Secondly, the primary purpose of implicit move semantics in C++ is to serve as an alternative to implicit deep-copy semantics in contexts where deep copying is unnecessarily inefficient. Since C does not have implicit deep-copy semantics, the problem does not even arise in C. C always performs shallow copying, which is already pretty similar to move semantics. Basically, you can think of C as an always-move language. It just needs a bit of manual tweaking to bring its move semantics to perfection.
Of course, it is probably impossible to literally reproduce all features of C++ move semantics, since, for example, it is impossible to bind a C pointer to an rvalue. But virtually everything can be "emulated". It just requires a bit more work to be done explicitly/manually.
I don't believe it's move semantics that C is missing. It's all the C++ functionality leading up to move semantics that is "missing" in C. Since you can't do automatic struct copies that call functions to allocate memory, you don't have a system for automatically copy complex and expensive data structures.

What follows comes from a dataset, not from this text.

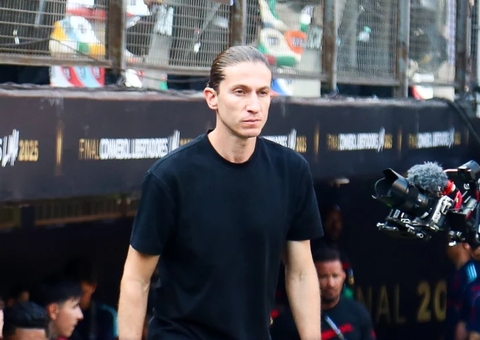 Filipe Luís dedica título da Libertadores aos Meninos do Ninho: "Estão comigo"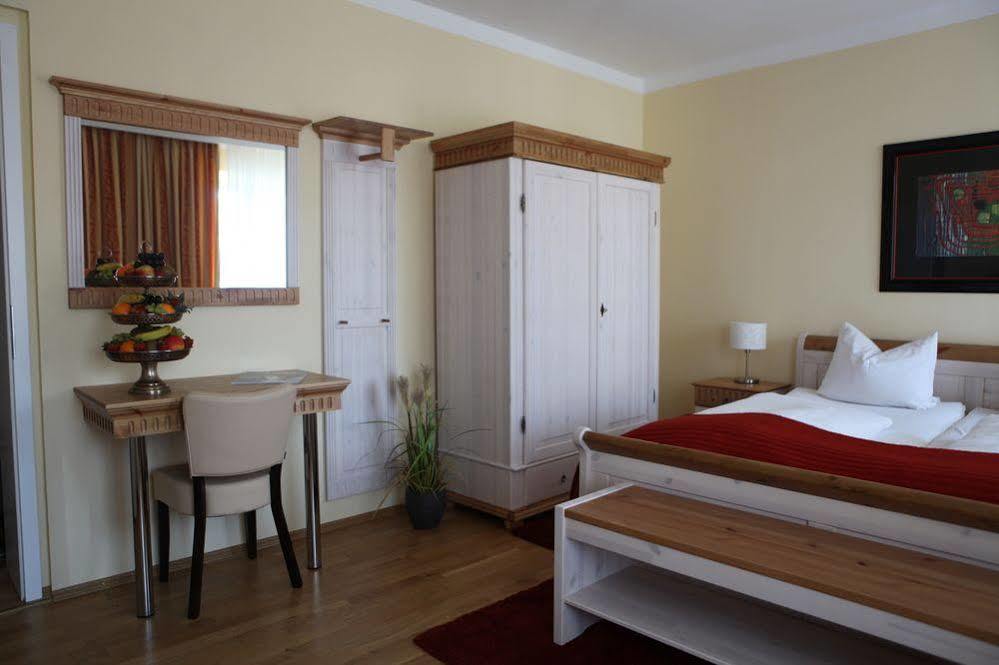 Hotel Zum Goldenen Loewen Baden-Baden Eksteriør billede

Of course, that's the intention. C is a more light-weight language than C++, so the complexity of creating custom copy and assignment constructors is not meant to be part of the language - you just write code to do what needs to be done as functions. If you want "deep copy", then you write something that walks your data structure and allocates memory, etc. If you want shallow copy, you write something that copies the pointers in the data structure to the other one (and perhaps setting the source ones to NULL) - just like a move semantics constructor does.

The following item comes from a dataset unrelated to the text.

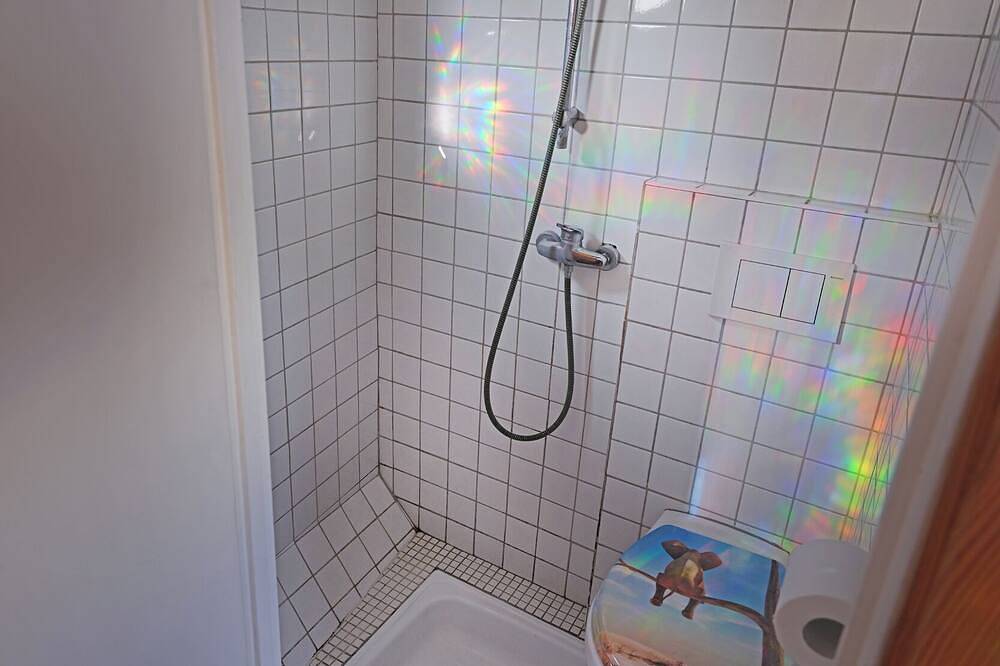 Cozy and romantic apartment in captain's steering cabin in Amsterdam West, Dutch Coast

And of course, you only need L and R value in C (it is either on the left or the right of an = sign), there are no references, and clearly no R value references. This is achieved in C by using address of (turning things into pointers).
So it's not really move semantics that C is missing, it's the complex constructors and assignment operators (etc) that comes with the design of the C++ language that makes move semantics a useful thing in that language. As usual, languages evolve based on their features. If you don't have feature A, and feature B depends on feature A being present, you don't "need" feature B.
Of course, aside from exception handling and const references [and consequently R value references in C++11, which is esentially a const reference that you are allowed to modify], I don't think there is any major feature in C++ that can't be implemented through C. It's just a bit awkward and messy at times (and will not be as pretty syntactically, and the compiler will not give you neat error messages when you override functions the wrong way, you'll need to manually cast pointers, etc, etc). [After stating something like this, someone will point out that "you obviously didn't think of X", but the overall statement is still correct - C can do 99.9% of what you would want to do in C]
No. You have to roll-your-own but like other features of C++ (e.g. polymorphism) you can effect the same semantics but with more coding:
#include<stdlib.h>
typedef struct {
size_t cap;
size_t len;
int* data;
} vector ;
int create_vector(vector *vec,size_t init_cap){
vec->data=malloc(sizeof(int)*init_cap);
if(vec->data==NULL){
return 1;
}
vec->cap=init_cap;
vec->len=0;
return 0;
}
void move_vector(vector* to,vector* from){
//This effects a move...
to->cap=from->cap;
to->len=from->len;
free(to->data);
to->data=from->data;//This is where the move explicitly takes place.
//Can't call destroy_vec() but need to make the object 'safe' to destroy.
from->data=NULL;
from->cap=0;
from->len=0;
}
void destroy_vec(vector *vec){
free(vec->data);
vec->data=NULL;
vec->cap=0;
vec->len=0;
}
Notice how in the move_vector() the data is (well…) moved from one vector to another.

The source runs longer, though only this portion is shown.